Provided entries Block Start

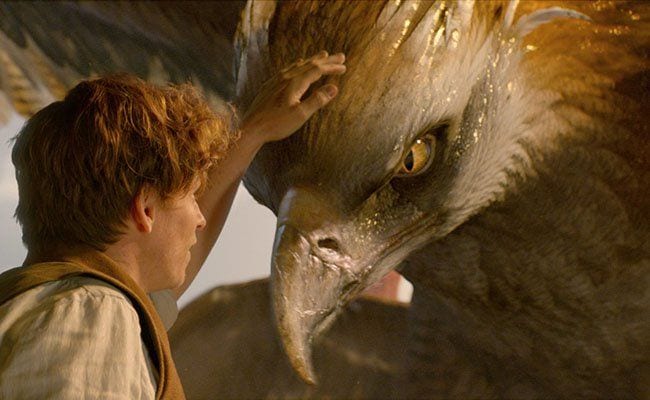 fantastic-beasts-and-where-to-find-them-entertains-and-frustrates-in-equal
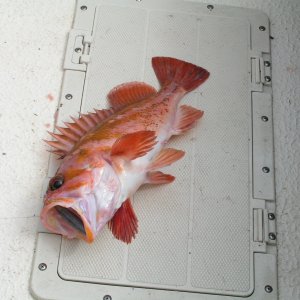Later, Melinda caught 2 fish on 1 hook, 2nd one on a wedged weight!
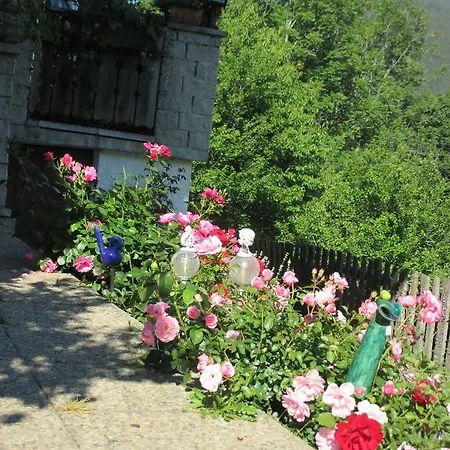 Stammerhof Bed and Breakfast 3*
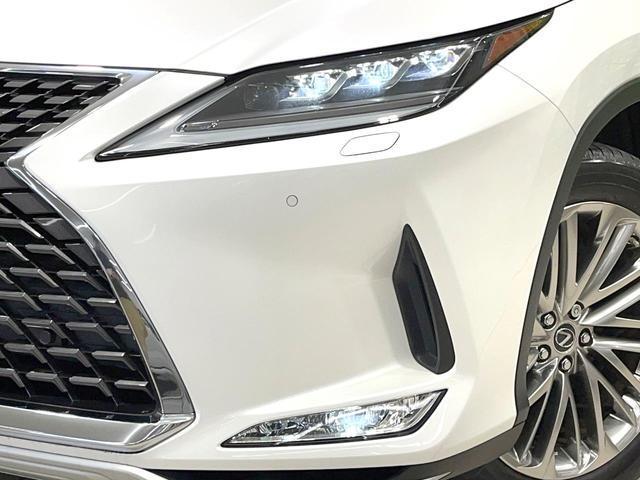 24280593_carP_l_8.jpg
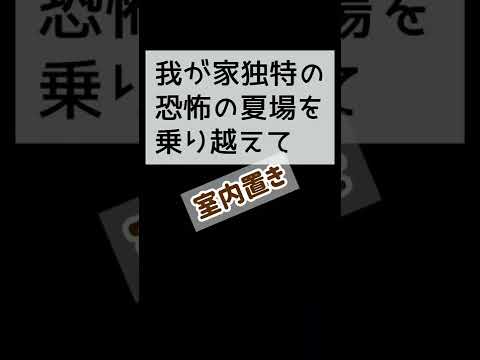 蘭の茎の切り方は？避けるべき最善のヒントと間違い  庭園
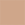Neutral Biscuit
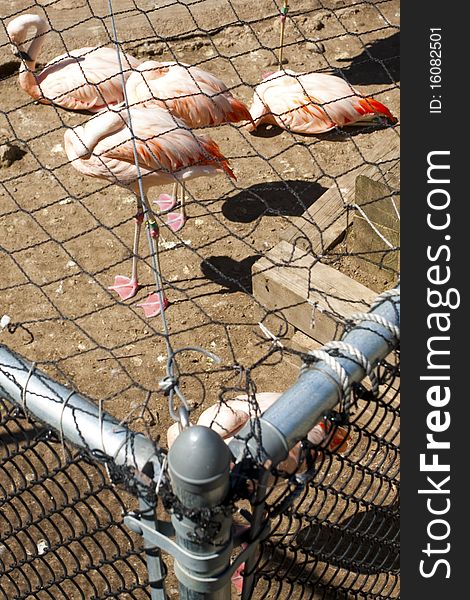 Flamingos behind bars: Animal Cruelty in a zoo. Flamingos behind bars: Animal Cruelty in a zoo.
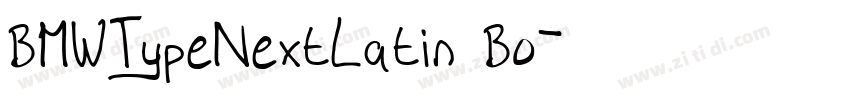 BMWTypeNextLatin Bo字体转换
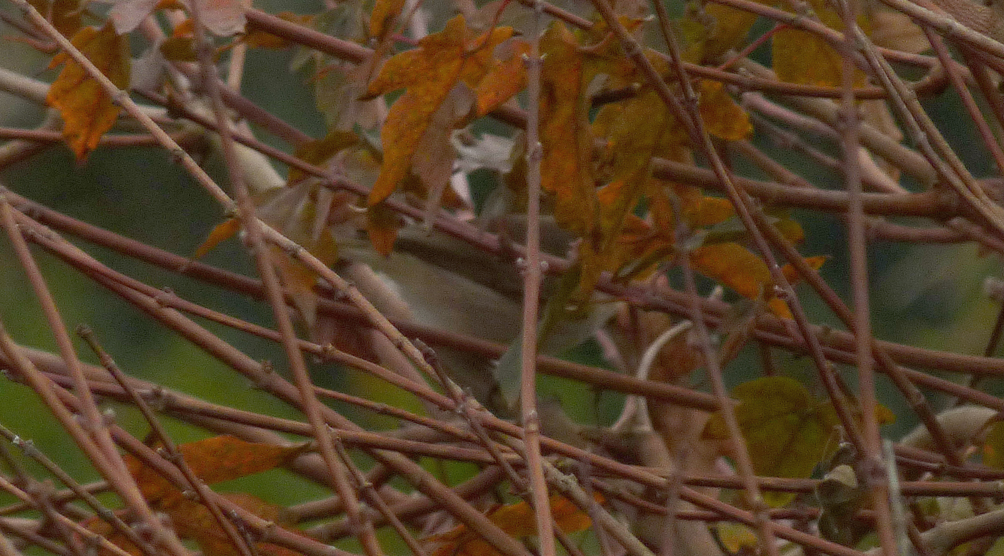 "Siberian" Chiffchaff - Rousse - 1 Nov 16 - even though you cannot see the head, note the pale brown back and whitish colour below.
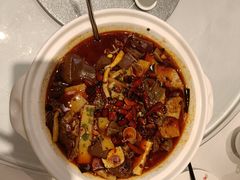 重庆毛血旺-渝信川菜(工体店)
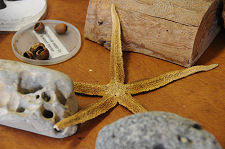 Starfish
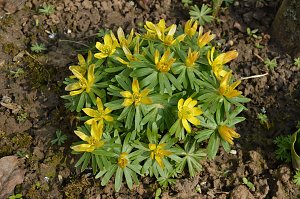 Fr&uuml;hling im Garten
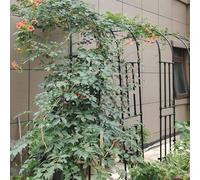 Arco da giardino in metallo per rose rampicanti, clematide e glicine, supporto semi-arco resistente alle intemperie, altezza 240 cm, nero, perfetto per traliccio e decorazione da giardino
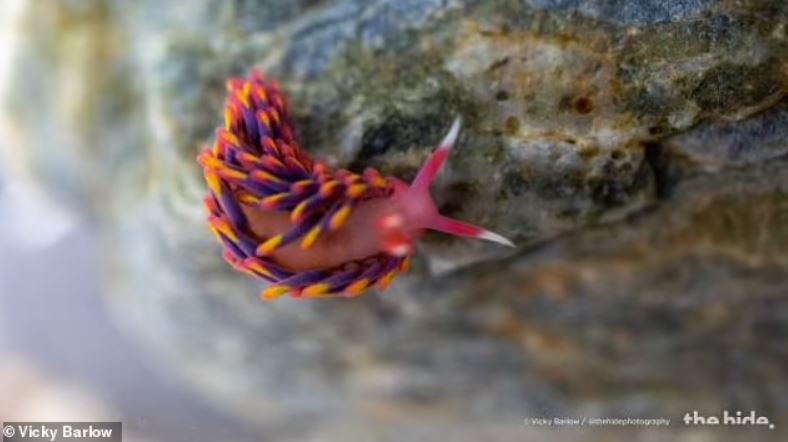 Rock pooler uncovers breathtaking rainbow sea slug in south cornwall 3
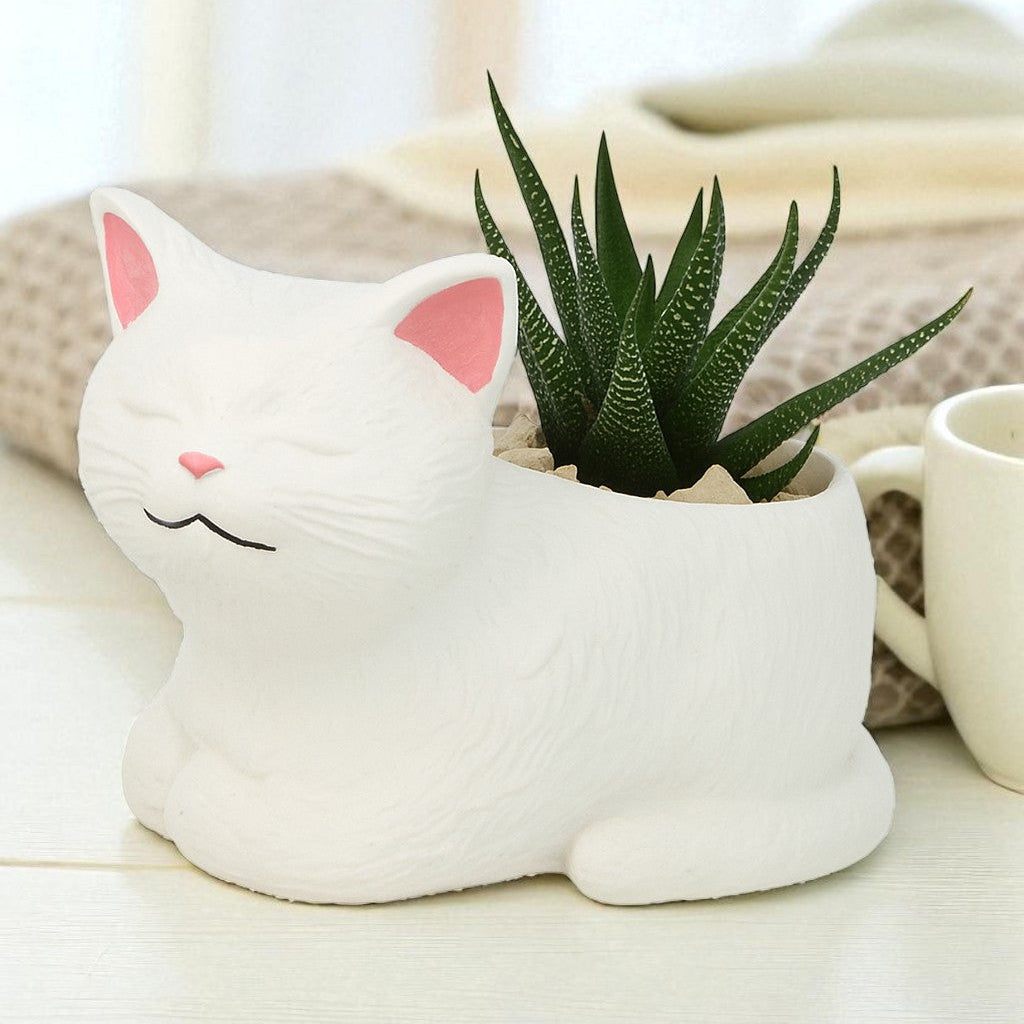 KATZE MIT SUKKULENTE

Provided entries Block End

= Action item =
Pictures are not part of the copy. Extract exactly the lines from the line containing "重庆毛血旺-渝信川菜(工体店)" through the final line of the entries above, both included.

= The answer =
 重庆毛血旺-渝信川菜(工体店)
 Starfish
 Fr&uuml;hling im Garten
 Arco da giardino in metallo per rose rampicanti, clematide e glicine, supporto semi-arco resistente alle intemperie, altezza 240 cm, nero, perfetto per traliccio e decorazione da giardino
 Rock pooler uncovers breathtaking rainbow sea slug in south cornwall 3
 KATZE MIT SUKKULENTE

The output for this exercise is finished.